Erdoğan has been targeting followers of the Gülen movement, inspired by Turkish Muslim cleric Fethullah Gülen, since the corruption investigations of December 17-25, 2013, which implicated then-prime minister Erdoğan, his family members and his inner circle.

Following a coup attempt on July 15, 2016, the Turkish government declared a state of emergency and carried out a massive purge of state institutions under the pretext of an anti-coup fight. More than 130,000 public servants, including 4,156 judges and prosecutors, as well as 24,706 members of the armed forces, were summarily removed from their jobs for alleged membership in or relationships with “terrorist organizations” by emergency decree-laws subject to neither judicial nor parliamentary scrutiny.

Thousands of post-coup crackdown victims had to leave the country illegally because the government had revoked their passports.

The woman could not find a job following her dismissal and was isolated within the society as a person who was labelled a member of the Gülen movement. After she was sentenced in 2021, she decided to leave Turkey and reunite with her husband and children, who had already found shelter in Germany.
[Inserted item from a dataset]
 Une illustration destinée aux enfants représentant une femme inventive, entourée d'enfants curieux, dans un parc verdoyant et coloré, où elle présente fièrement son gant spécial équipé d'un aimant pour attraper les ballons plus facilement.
Former public servants were not only fired from their jobs; they were also banned from working again in the public sector and getting a passport. The government also made it difficult for them to work formally in the private sector. Notes were put on the social security database about dismissed public servants to deter potential employers.

The woman had also tried to flee Turkey in June 2021 but was pushed back then as well, experiencing mistreatment in Greece at that time, too.

She said the group spent a day on an island on the Greek side of the river. They weren’t able to leave the island since it was not close enough to the shore. They had to wait for help from “Greek security people.”

“When a boat arrived at the island in the evening, everyone was very happy to see Greek security people on board. We got on the boat and reached land,” she said.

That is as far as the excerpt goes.